Louis Gottschalk & Cuba by Antonio Iturrioz
“Give me your hand, my child; I predict that you will become the king of pianists.”
So said Frédéric Chopin to American pianist and composer Louis Moreau Gottschalk, after hearing him perform at the Salle Pleyel in Paris. Alkan and Liszt also recognised Gottschalk’s impressive talents, and, perhaps in homage to his European virtuoso counterparts, there are distinctly Lisztian idioms in the Symphonie Romantique “La nuit des tropiques”, which opens Cuban-American pianist Antonio Iturrioz’s recording ‘Gottschalk and Cuba’.
Gottschalk: Symphonie romantique, “La nuit des tropiques” (A Night in the Tropics) (arr. for piano)
Louis Gottschalk was born in 1829 in New Orleans to Jewish-Creole parents. He displayed prodigious musical talent from a young age, and was exposed to a variety of musical styles through his extended family and nursemaids. When he was 13, he travelled to Europe with his father to seek a classical musical training, but was rejected by the Paris Conservatoire on account of his nationality. He eventually gained access to the Parisian musical community through family friends, and here he met the likes of Chopin, Liszt and Alkan. He returned to the United States in 1853 and spent some time in Cuba where he soaked up the culture and music.
Gottschalk was America’s first important pianist-composer and by the 1860s he had established himself as the best known pianist in the New World. He was also an extraordinary traveler, giving virtuoso performances in Europe, Central and South America and the Caribbean. He fell in love with Cuba and its music, and lived there for extended periods. As a composer, his music combined his Creole heritage with the American, Latin American and Afro-Caribbean influences he absorbed during his travels – all expressed within the boundaries of classical piano writing prevalent in the 19th century.
The American-Cuban pianist Antonio Iturrioz is a long-time advocate for Gottschalk’s piano music, and his recording Gottschalk and Cuba celebrates the composer’s output and influence on other Cuban composers who followed him.
The Symphonie Romantique, “La nuit des tropiques” (A night in the tropics) provides the starting point for a chronological tour through Cuban classical music, much of it never before recorded. The Symphonie Romantique is especially significant as this is a world premiere recording of the first American symphony, transcribed in its entirety by Iturrioz for one piano, as Gottschalk originally intended it and based on the pianist’s own extensive research. In its solo piano form, the work has a Lisztian grandeur with many complex virtuosic passages and rich textures.

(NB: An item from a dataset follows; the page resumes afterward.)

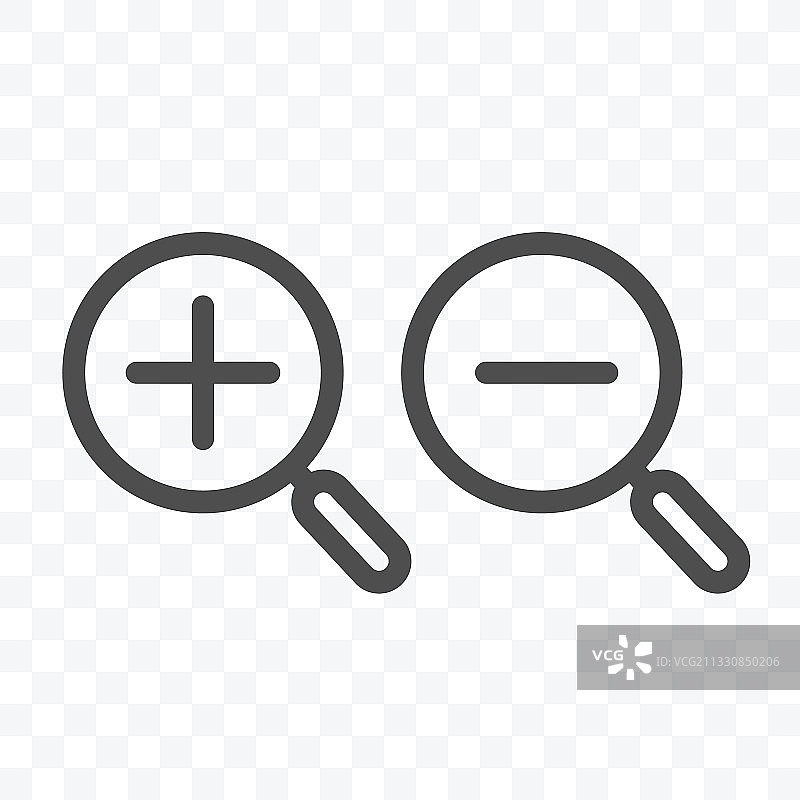 搜索放大和缩小图标孤立图片素材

Espadero: Sur la Tombe de Gottschalk
Piano music by Manuel Saumell Robredo, Nicholas Ruiz Espadero, Ignacio Cervantes, Hubert de Blanck, and Ernesto Lecuona features on this album too, revealing Gottschalk’s influence and the high regard with which he was held by those who followed him. Many of the works show the influence of nineteenth-century European virtuoso pianist-composers shot through with distinctly Afro-Cuban, Cuban and Creole rhythms and folk idioms. There are hints of Ragtime and Jazz too – a reminder of Gottschalk’s wide-ranging musical influences and his own impact on American music of the 20th century. The album closes with Gottschalk’s El Cocoye, Op 80.

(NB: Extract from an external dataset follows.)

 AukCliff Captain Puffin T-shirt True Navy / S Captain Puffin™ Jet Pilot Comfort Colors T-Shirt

Antonio Iturrioz’s own Cuban heritage allows him to really get to the heart of this music, and his understanding and insight is clear from the outset. The sensuous, foot-tapping rhythms feel natural and uncontrived, heady harmonic shadings are neatly caught, while the virtuosic passages are executed with aplomb. The overall sound is warm, romantic, lush and exotic.
This recording is a generous introduction to the classical piano music of Cuba and an important contribution to the appreciation and understanding of Gottschalk’s work and influence.